- _AIM OF THE TASK_
Once the line with "Waritthon Residence - Роі Ет - Спальня" is reached, output it and every line after it, exactly, through the end of the records below. Pictures are skipped.

___ RECORDS PROVIDED

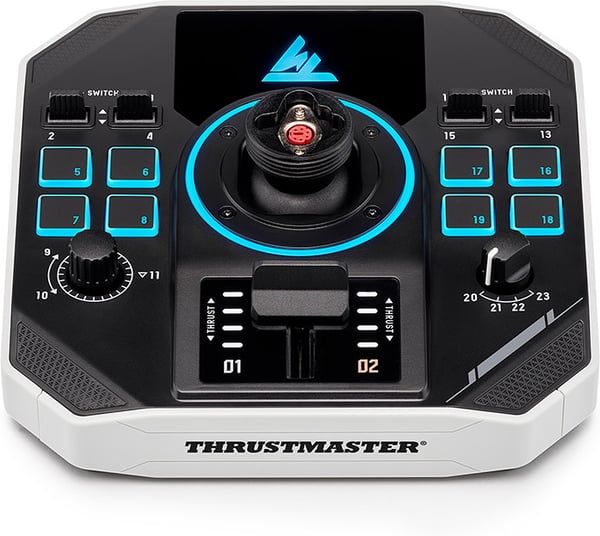 Thrustmaster Sol-R 1 Flightstick spelkontroll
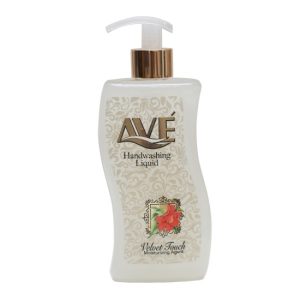 مایع دست طرح اس اوه - سفید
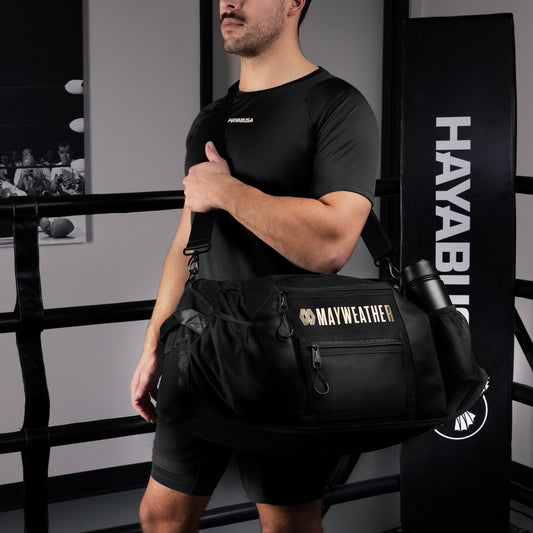 Bolsa de deporte de malla Mayweather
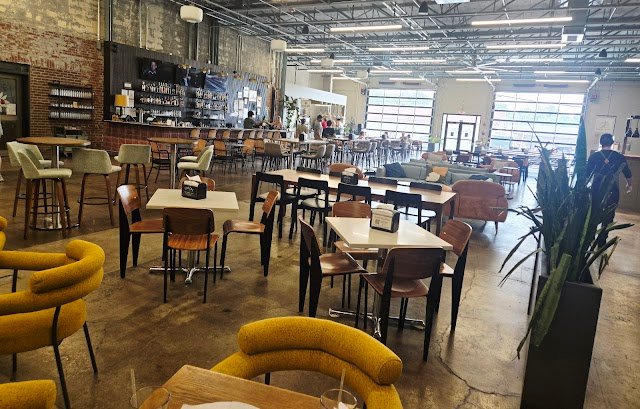 Social Food Hall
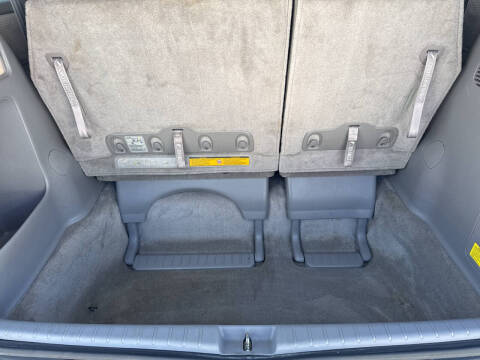 2007 Toyota Sienna LE 8-Passenger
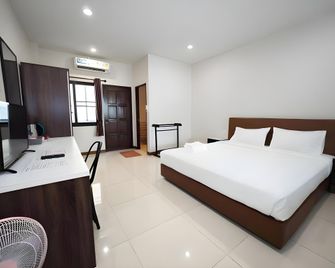 Waritthon Residence - Роі Ет - Спальня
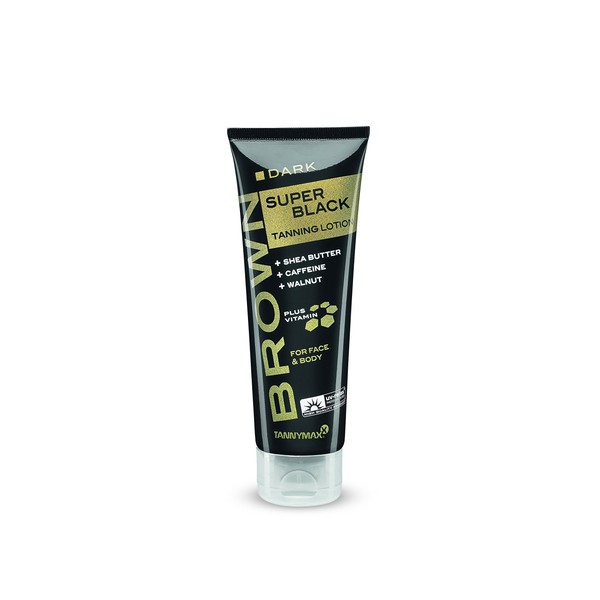 TannyMaxx Tannymaxx Brown Super Black Tanning Lotion, 1 Pack (1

______

- _ANSWER AREA_
 Waritthon Residence - Роі Ет - Спальня
 TannyMaxx Tannymaxx Brown Super Black Tanning Lotion, 1 Pack (1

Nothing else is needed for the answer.